No caso dos comunistas a questão é ainda mais profunda, da mesma forma que é mais fácil um camelo passar por um buraco de uma agulha do que o rico entrar no Reino dos Céus, para os marxismo-leninismo a classe operária é um símbolo de virgindade, só ela tem os valores livres da conspurcação do dinheiro e é capaz de ter a pureza ideológica para nos conduzir ao paraíso na terra. O problema é que muitos os operários já não são assim tão pobres e por aquilo que se vê por esse mundo fora já não são tão puros quanto isso, na França votam Le Pen, no Reino Unido decidiram o Brexit e nos EUA elegeram o Trump. Por cá já votaram Sá Carneiro, Cavaco Silva, Durão Barros, Paulo Portas, Passos Coelho e Santana Lopes, mas ninguém reparou nisso.
O salário mínimo é uma mentira estatística, a maioria do que os declaram ganham “por fora”, numa solidariedade que esquerda quer ignorar, centenas de milhares de trabalhadores mal pagos solidarizam-se com os patrões e declaram apenas o ordenado mínimo, recebendo parte da remuneração “fora da folha”. O salário mínimo é, em grande medida, o rendimento do proletariado da economia paralela, é o plâncton de uma cadeia alimentar que mantém a economia paralela.
Sectores inteiros, como a restauração ou construção civil alimentam as estatísticas do salário mínimo, mas na verdade há muito que não pratica esses salários. Em muitas empresas familiares até os patrões e familiares que nela trabalham declaram o salário mínimo. A não ser nalguns grupos profissionais menos qualificados ou nalgumas indústrias muito específicas, são cada vez menos a profissões em que os trabalhadores são remunerados com o salário mínimo.
Há qualquer coisa de errado quando um país que precisa de crescer a ritmos maiores, onde uma das maiores preocupações é impedir a fuga dos quadros qualificados a grande, senão mesma a única preocupação de governantes e parceiros sociais é o salário mínimo. Quando deveriam estar discutindo a forma de serem criadas empresas que recorressem a trabalhadores qualificados e com condições de competitividade que viabilizem salários idênticos aos dos concorrentes europeus, discutimos o salário mínimo.

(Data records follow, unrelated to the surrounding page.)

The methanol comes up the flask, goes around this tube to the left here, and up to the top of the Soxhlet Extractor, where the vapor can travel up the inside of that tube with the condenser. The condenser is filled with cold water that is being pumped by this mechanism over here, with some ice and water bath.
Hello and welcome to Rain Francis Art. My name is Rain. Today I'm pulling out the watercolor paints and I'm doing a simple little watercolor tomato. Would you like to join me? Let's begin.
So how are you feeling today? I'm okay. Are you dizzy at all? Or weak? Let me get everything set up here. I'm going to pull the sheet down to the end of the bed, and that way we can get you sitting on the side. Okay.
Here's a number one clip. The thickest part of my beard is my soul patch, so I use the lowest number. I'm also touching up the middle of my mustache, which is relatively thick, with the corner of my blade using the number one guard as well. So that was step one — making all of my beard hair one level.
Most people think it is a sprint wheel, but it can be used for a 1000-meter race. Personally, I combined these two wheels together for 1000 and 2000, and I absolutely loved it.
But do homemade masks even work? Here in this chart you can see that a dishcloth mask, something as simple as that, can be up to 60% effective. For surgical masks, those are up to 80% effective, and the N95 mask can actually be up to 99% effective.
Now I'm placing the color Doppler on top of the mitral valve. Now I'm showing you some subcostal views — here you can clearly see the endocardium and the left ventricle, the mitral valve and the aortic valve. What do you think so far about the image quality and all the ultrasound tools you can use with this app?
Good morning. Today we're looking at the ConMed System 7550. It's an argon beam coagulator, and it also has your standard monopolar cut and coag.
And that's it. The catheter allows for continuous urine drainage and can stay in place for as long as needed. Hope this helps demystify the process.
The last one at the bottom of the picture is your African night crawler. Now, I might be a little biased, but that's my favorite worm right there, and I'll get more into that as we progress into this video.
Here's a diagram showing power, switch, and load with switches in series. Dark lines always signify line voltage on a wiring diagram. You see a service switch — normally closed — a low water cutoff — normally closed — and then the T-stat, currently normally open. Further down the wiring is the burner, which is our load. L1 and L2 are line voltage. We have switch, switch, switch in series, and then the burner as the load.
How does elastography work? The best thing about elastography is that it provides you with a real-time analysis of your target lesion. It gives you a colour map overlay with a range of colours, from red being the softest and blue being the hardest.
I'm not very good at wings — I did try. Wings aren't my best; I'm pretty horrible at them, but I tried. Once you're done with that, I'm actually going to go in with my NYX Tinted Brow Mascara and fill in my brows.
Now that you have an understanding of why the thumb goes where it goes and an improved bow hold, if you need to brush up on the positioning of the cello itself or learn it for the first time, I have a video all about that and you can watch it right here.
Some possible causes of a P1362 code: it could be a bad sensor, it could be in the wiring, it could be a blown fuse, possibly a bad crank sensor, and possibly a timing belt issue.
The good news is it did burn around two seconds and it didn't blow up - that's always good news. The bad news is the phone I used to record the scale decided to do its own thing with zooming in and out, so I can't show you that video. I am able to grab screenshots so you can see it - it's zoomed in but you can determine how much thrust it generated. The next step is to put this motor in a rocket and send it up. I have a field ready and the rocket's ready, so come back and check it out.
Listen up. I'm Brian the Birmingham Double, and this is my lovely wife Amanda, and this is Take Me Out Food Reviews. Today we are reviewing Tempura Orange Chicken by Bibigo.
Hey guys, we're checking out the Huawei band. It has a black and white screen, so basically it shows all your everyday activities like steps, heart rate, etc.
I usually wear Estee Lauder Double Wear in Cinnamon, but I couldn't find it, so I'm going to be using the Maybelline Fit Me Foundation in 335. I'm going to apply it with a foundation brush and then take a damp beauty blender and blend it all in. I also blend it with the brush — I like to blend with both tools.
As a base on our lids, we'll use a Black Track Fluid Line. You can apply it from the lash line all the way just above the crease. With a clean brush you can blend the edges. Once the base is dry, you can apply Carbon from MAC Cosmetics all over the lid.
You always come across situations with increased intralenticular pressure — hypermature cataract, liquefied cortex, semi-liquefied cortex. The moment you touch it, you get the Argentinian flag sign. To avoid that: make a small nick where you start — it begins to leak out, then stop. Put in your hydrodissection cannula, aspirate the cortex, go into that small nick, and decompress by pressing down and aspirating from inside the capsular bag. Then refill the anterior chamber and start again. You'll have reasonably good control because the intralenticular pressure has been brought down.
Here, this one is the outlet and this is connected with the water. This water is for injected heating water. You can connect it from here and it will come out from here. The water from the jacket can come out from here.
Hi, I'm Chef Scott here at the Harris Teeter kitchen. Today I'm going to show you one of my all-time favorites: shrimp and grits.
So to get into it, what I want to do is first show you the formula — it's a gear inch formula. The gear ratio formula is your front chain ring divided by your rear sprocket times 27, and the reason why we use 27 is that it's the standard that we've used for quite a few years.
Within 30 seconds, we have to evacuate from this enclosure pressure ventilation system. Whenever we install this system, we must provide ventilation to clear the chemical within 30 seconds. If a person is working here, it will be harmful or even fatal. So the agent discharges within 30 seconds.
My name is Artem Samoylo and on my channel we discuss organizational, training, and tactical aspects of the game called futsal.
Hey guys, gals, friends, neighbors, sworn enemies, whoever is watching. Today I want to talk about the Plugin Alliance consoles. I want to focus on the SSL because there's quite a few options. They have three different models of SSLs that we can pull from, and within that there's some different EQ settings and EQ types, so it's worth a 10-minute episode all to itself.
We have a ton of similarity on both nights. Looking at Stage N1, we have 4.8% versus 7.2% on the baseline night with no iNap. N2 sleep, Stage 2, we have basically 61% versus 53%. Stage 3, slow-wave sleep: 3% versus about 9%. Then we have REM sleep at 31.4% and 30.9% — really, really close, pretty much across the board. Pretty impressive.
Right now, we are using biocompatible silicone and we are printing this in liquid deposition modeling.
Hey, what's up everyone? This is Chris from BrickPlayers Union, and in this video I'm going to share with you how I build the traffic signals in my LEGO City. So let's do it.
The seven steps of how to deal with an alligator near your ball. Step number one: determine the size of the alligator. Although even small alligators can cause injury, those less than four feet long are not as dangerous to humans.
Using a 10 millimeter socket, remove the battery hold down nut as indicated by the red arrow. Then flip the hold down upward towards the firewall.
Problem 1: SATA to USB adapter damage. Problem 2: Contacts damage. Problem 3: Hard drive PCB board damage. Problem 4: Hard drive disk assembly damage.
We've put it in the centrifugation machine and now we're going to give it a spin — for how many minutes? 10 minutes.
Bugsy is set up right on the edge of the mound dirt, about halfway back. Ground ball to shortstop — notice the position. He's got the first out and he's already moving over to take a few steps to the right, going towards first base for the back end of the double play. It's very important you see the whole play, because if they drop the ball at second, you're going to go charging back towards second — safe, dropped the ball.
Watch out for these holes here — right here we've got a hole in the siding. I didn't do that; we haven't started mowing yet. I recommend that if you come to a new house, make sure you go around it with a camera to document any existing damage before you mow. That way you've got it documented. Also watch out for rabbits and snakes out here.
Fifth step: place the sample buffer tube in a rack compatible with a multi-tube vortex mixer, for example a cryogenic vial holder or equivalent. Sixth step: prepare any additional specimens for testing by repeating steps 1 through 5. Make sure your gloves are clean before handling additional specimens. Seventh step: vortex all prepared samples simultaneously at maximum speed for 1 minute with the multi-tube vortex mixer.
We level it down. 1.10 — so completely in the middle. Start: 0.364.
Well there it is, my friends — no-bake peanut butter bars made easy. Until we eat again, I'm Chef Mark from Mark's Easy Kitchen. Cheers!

Compreende-se que essas empresas não sejam a praia nem da CGTP, nem do Saraiva e muito menos do representante da associação do turismo e restaurantes. O problema é que enquanto considerarmos ricos os que ganham 2000 euros e o único debate sério é em torno do salário mínimo dificilmente o país sairá da cepa torta, não é com a economia paralela que alimenta as estatísticas do salário mínimo, com empresas que para serem competitivas têm que ter escravos que o país ficará mais rico.